2) Conscious Incompetency
It’s always an exciting moment when a new meditator realizes just how constantly they’re lost in thinking. They usually feel pretty deflated, thinking they’re a bad meditator, but actually this marks a powerful step into stage two where awareness has become strong enough to notice what’s always been happening anyway.
As exciting as it may be, it still can feel very frustrating, because as much as they now see they’re ruled by anxiety, restlessness, lethargy, distracting impulses and thoughts, they can’t seem to get out of them.
A meditator partly breaks free from this stage through perseverance, but also partly through an investigative spirit. I found it very helpful to study my incompetency. What exactly was happening when I “blanked out?” How long was each instance of non-awareness? In which situations did it happen more and less?
3) Conscious Competence
At this stage, a meditator is able to stay highly aware, but it takes a fair amount of focus.
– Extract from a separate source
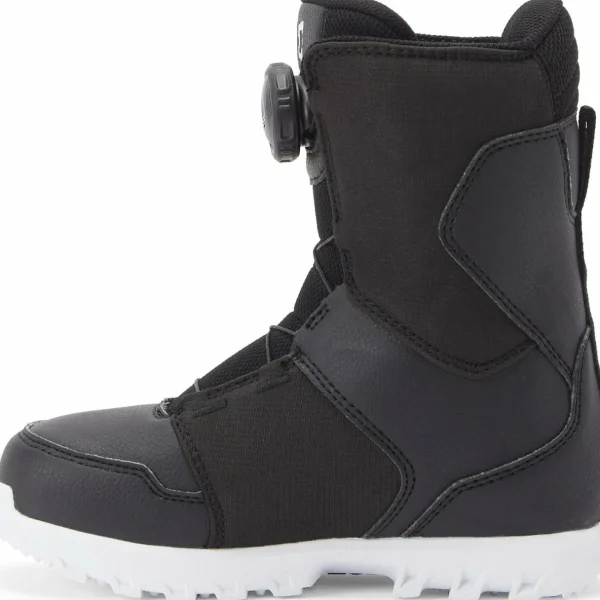 Kids DC Youth Scout Snowboard Boots - Kids' 2024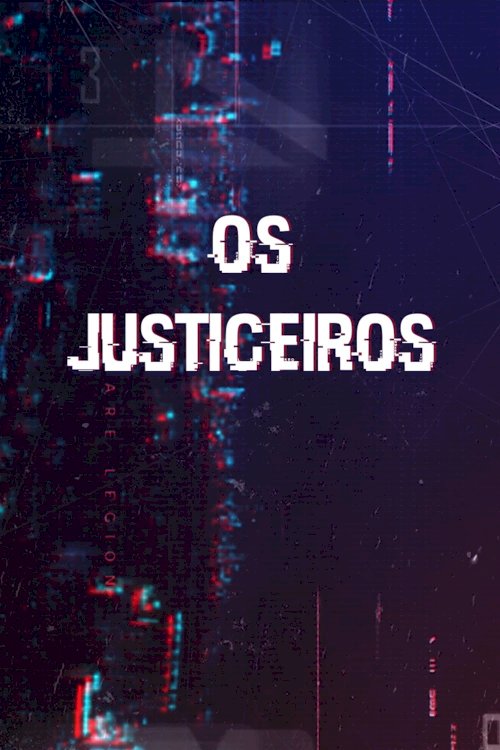 Os Justiceiros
Generally, this starts with being able to stay aware doing sitting meditation, potentially with the aid of a specific meditation object.
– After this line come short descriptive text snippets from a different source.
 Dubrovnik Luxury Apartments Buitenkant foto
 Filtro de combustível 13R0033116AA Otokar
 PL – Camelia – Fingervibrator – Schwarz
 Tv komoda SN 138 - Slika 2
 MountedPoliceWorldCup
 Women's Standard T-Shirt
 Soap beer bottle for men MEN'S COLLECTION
If a meditator sets the intention, they can generally also bring this steady awareness to simple, everyday tasks like washing the dishes, showering or driving.
This is a very relieving stage to be at as the whole process is a bit demystified. A meditator knows what to do. All that’s left is logging enough hours. Nonetheless, the amount of work needed to get solidly into the next stage often leaves people here for many years, decades or the rest of their meditation career.
4) Unconscious Competence
This is point where awareness becomes second nature—it’s no longer necessary to try or to think about how to meditate. It just sort of happens all by itself, as if the mind has been re-wired to awareness.
Even this stage has a couple of levels to it.
The first level is being able to get there sometimes, like when a meditator is a few days into retreat and suddenly they don’t have to try anymore—they’re always aware. However, they’ll know it’s the first level if they leave retreat and have to focus again.
The second level is what’s usually referred to as enlightenment, or stream-entry. It’s when a meditator goes so deep that the mind has permanently changed, and no matter what happens after, they never really have to try to be aware anymore. It’s just always present.